Normen regulieren und steuern zukünftige Handlungsweisen der Partner, da sie festlegen, welche Verhaltensweisen kollektiv als gut oder schlecht wahrgenommen werden. Zusätzlich können relationale Normen den Effekt von Einflussstrategien der Partner beeinflussen, da explizite Einflüsse von den Akteuren vor dem Hintergrund der gemeinsamen Normen interpretiert werden. Brown et al. (2009) zeigen, dass die externe Einflussnahme durch einen Partner mit der Normstruktur kompatibel sein muss. Liegen relational etablierte Koordinationsstrukturen vor, werden Kontrollversuche des Partners tendenziell mit opportunistischem Verhalten bestraft.

In der Literatur wurden verschiedene Dimensionen relationaler Normen konzeptualisiert. Brown et al. (2009) beschreiben die drei Elemente der Solidarität, Rollenintegrität und Konfliktharmonisierung: 1) Die Solidarität beschreibt, dass die Akteure der Beziehung einen Wert beimessen und somit an der Aufrechterhaltung der Beziehung interessiert sind. Solidarität führt daher zu der Bereitschaft, die Beziehung zu pflegen und eigene Interessen den übergeordneten Interessen der Zusammenarbeit unterzuordnen. 2) Die Rollenintegrität beschreibt die Vollständigkeit, Komplexität und Stabilität der Rollen der interagierenden Akteure. Sie legt fest, in welchem Ausmaß sich ein Partner in der Zusammenarbeit einbringen kann und wie sicher die zukünftige Erwartung dieser Rolle ist. Zudem beeinflusst sie erheblich die Flexibilität der Verhaltensweisen. 3) Die Konfliktharmonisierung legt

Tab. 4.2 Relationale Governancemechanismen

den Umgang mit divergierenden Meinungen fest und entscheidet darüber, wie sich Partner im Konfliktfall verhalten. Diese wird maßgeblich von der Offenheit und der Kompromissbereitschaft der Partner geprägt.

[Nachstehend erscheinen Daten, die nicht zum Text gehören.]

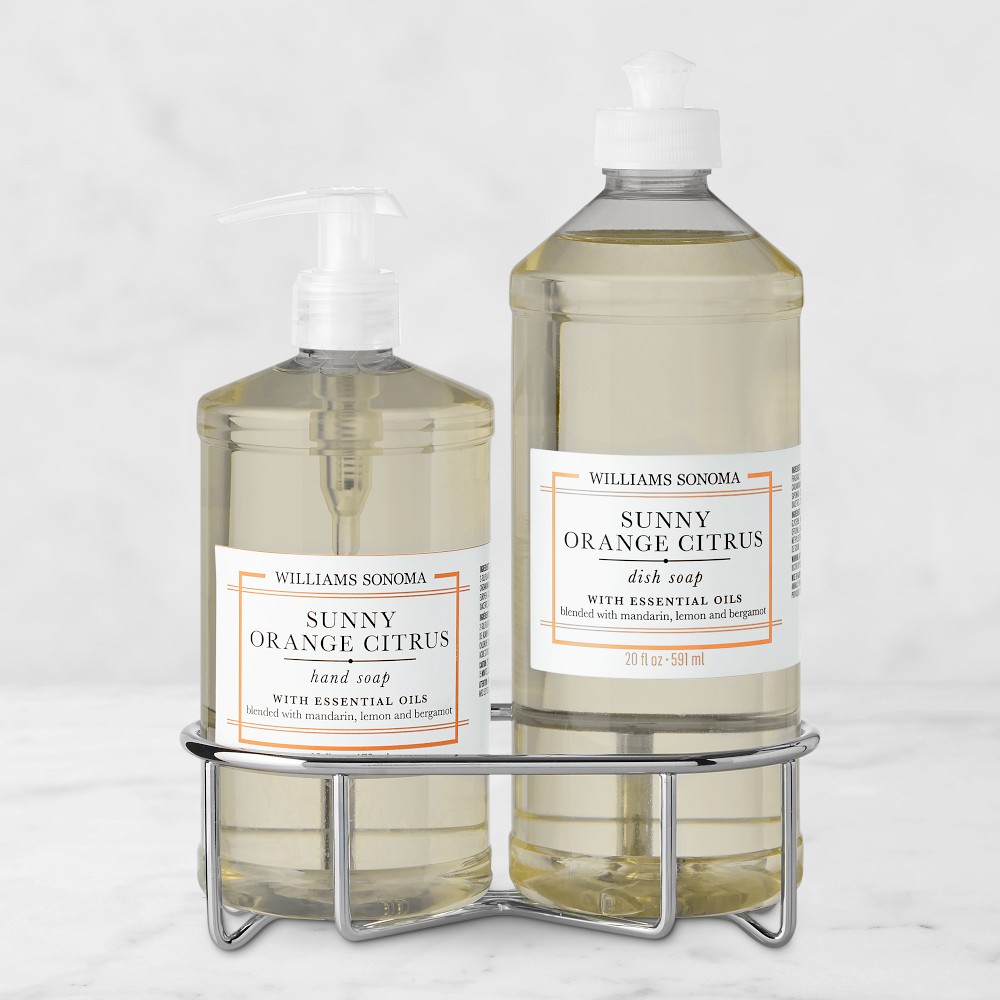 Williams Sonoma Sunny Orange Citrus Hand Soap & Dish Soap 3-Piece Kitchen Set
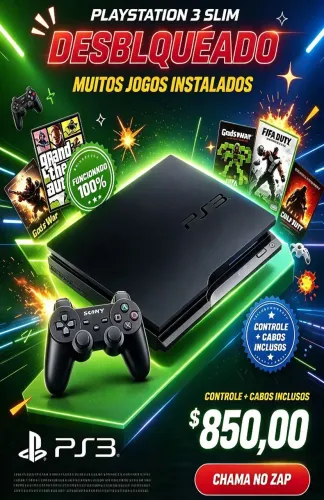 Playstation 3 Modelo slim Desbloqueado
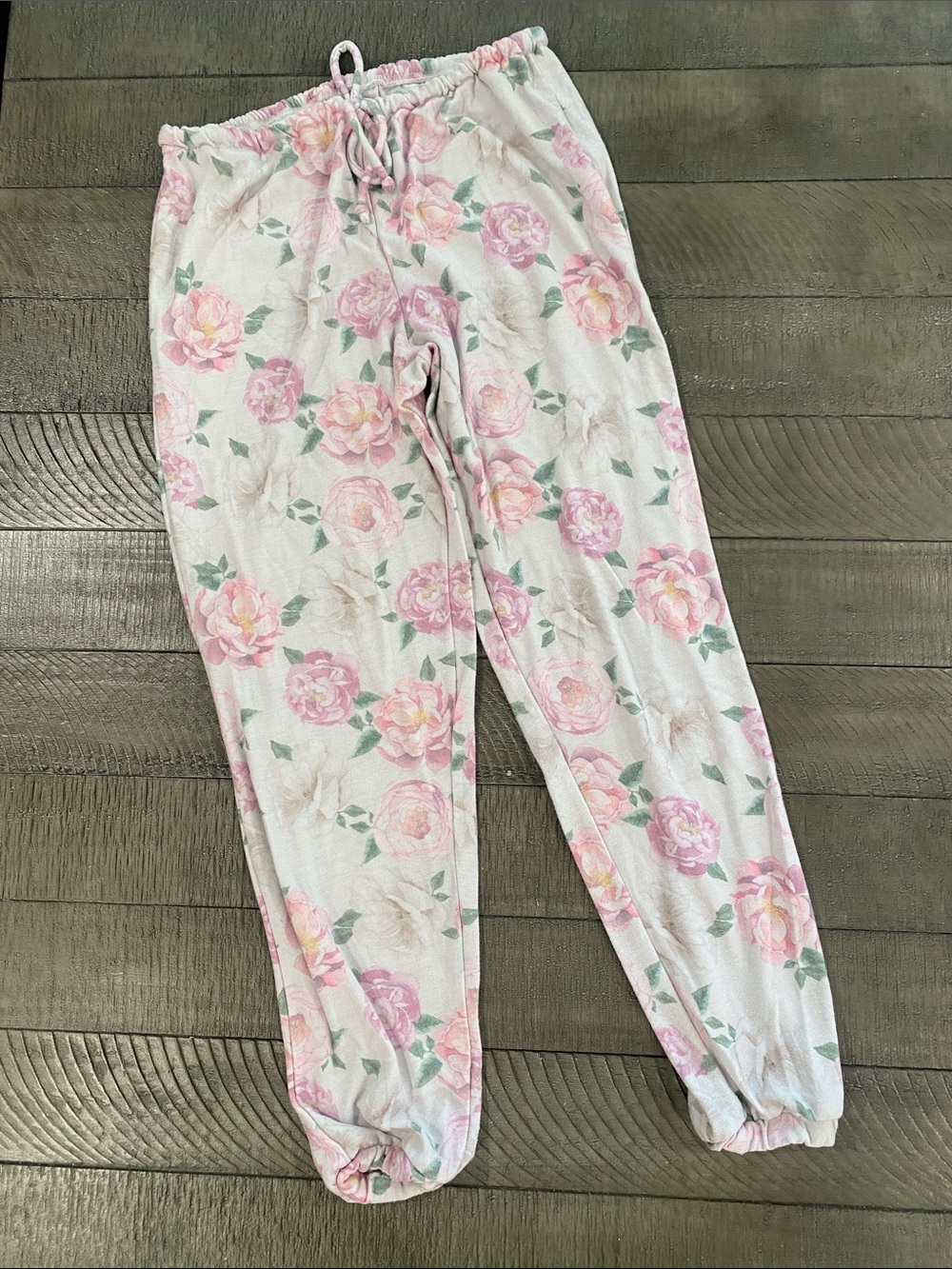 Chaser Pink Floral Drawstring Jogger Pants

Die vier identifizierten, wesentlichen Mechanismen relationaler Governance werden in Tab. 4.2 zusammengefasst.

Die vorangegangenen Ausführungen zeigen, dass relationale Governance durch verschiedene informelle Verhaltensmaximen und Einstellungen gegenüber dem Partner das Verhalten koordinieren. Relationale Mechanismen sind nicht direkt durch das Management einsetzbar oder kontrollierbar, sondern ergeben sich aus der sozialen Bindung von Akteuren im Zuge wiederholter Interaktion. Ihre Etablierung ergibt sich durch die Schaffung geeigneter Rahmenbedingungen und Verhaltensweisen. Da relationale Governancemechanismen den Partnern einen Wert stiften und die Unsicherheit reduzieren, wirken sie selbstverstärkend.